_Given information_
"""
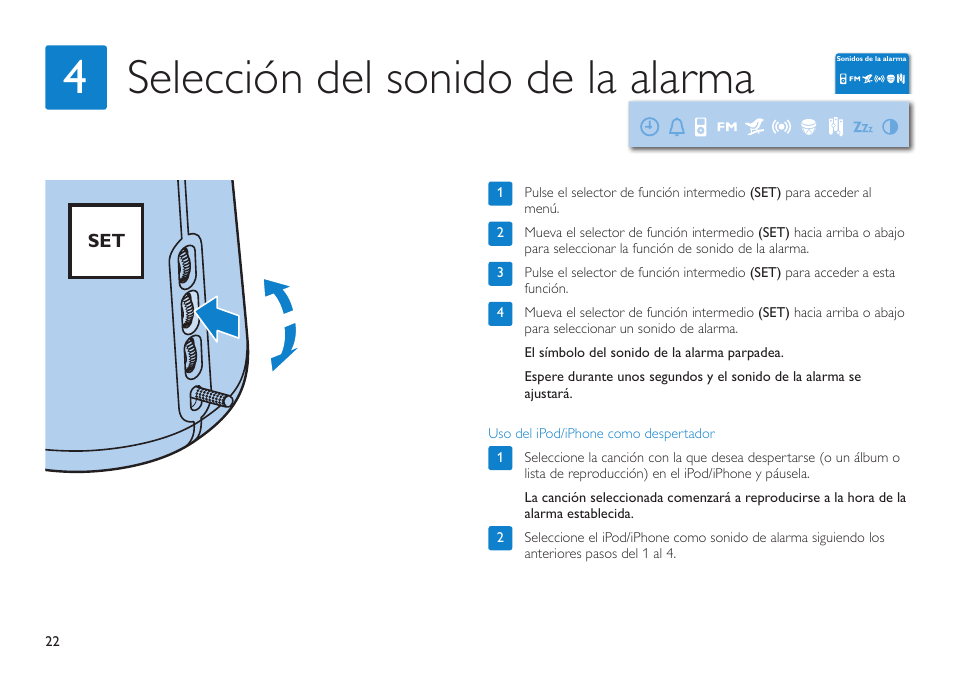 Selección del sonido de la alarma 4 | Philips HF3490 User Manual | Page 22 / 28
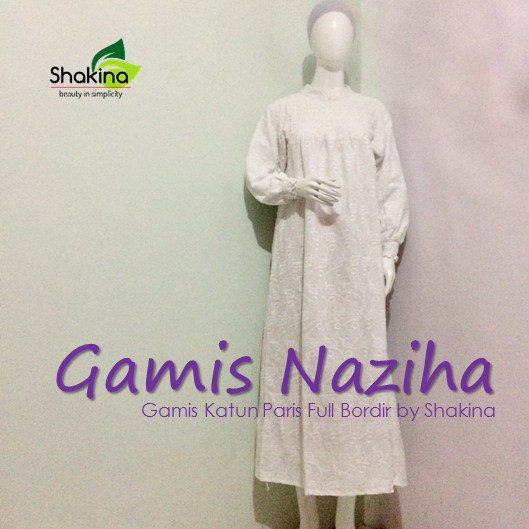GAMIS LEBARAN | GAMIS PUTIH | GAMIS IDUL FITRI | GAMIS KATUN PARIS FULL BORDIR | Gamis Naziha | GAMI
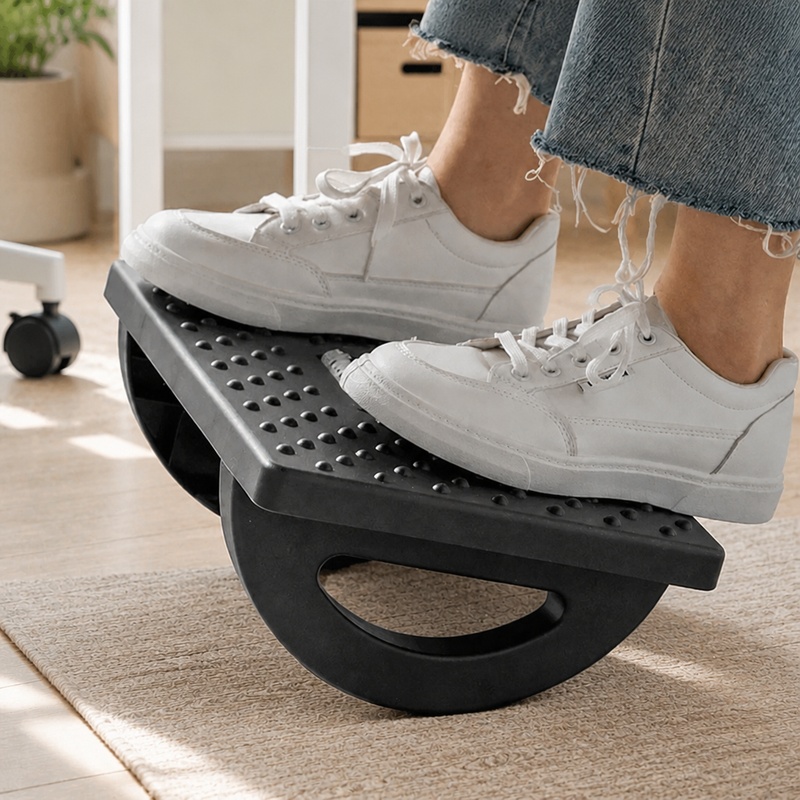 Desk Setup Ergonomic - Repose-pieds portable avec rouleaux de massage,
"""
_Task objective_
Before you finish, make sure every line above has been repeated exactly and no picture remains in the copy.

_Result_
 Selección del sonido de la alarma 4 | Philips HF3490 User Manual | Page 22 / 28
GAMIS LEBARAN | GAMIS PUTIH | GAMIS IDUL FITRI | GAMIS KATUN PARIS FULL BORDIR | Gamis Naziha | GAMI
 Desk Setup Ergonomic - Repose-pieds portable avec rouleaux de massage,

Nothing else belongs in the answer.